1940, London : Lily Nichols once dreamed of using her mathematical talents for more than tabulating the cost of groceries, but life, and love, charted her a different course. With two lively children and a loving husband, Lily’s humble home is her world, until war tears everything asunder. With her husband gone and bombs raining down, Lily is faced with an impossible keep her son and daughter close, knowing she may not be able to protect them, or enroll them in a risky evacuation scheme, where safety awaits so very far away.
When a Nazi U-boat torpedoes the S. S. Carlisle carrying a ship of children to Canada, a single lifeboat is left adrift in the storm-tossed Atlantic. Alice and Lily, strangers to each other—one on land, the other at sea—will quickly become one another’s very best hope as their lives are fatefully entwined.
My Review: 4.5 stars
The Last Lifeboat by Hazel Gaynor was such an inspiring story about courage, motherhood and perseverance. I’ve read several of Gaynor’s books and have enjoyed them all, but I think this is her best to date.

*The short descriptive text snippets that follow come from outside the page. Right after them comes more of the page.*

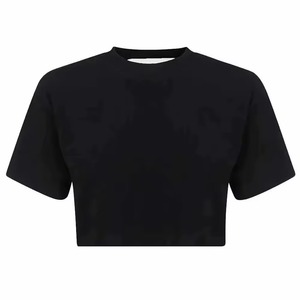 Vente en gros de crop tops pour femmes, logo personnalisé, fabricant OEM, coton premium, French Terry, délavé à l'acide, fournisseur de vêtements de mode - Product Image 4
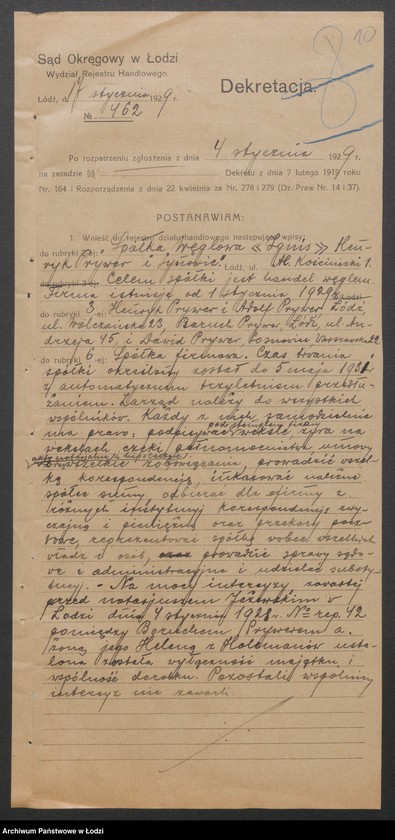 Obraz 12 z jednostki "Spółka Węglowa „Ignis” Henryk Prywer i synowie"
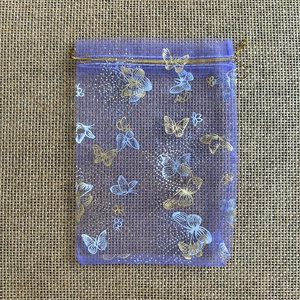 10db ORGANZA - ajándéktasak/ékszertasak - pillangós - 12x18cm - (90ft/db) - otthon & életmód - papír, írószer - ajándékozás kellékei - ajándékzsák, csomagolás - Meska.hu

I’ve read so many novels, from so many angles about WWII, but this one surprised me with a story I knew nothing about. Although many children from London were sent to the countryside, there were others sent by boat to Canada. Who knew?
Naturally, mothers were scared to send their children off but were promised protection from U-boats by the convoys of ships surrounding them. But what if they weren’t protected. And that’s the main gist of the story as one lifeboat is not rescued and their story during eight days at sea.
The book is told from two POVs. One from the woman chaperone stuck on the lifeboat, and the other from a woman whose young child is on the missing lifeboat. The pacing of this book never let up and I just ached for these two women. This is based on a true story that came alive through Gaynor’s writing.
Quotes I liked:
It isn’t so easy, is it, to change who we are by changing where we are?”
“Yes. Books were safe and certain. The world beyond the library walls was anything but.”
“There’s a lot to be said for reading a good book and forgetting about the bloody war for a while.”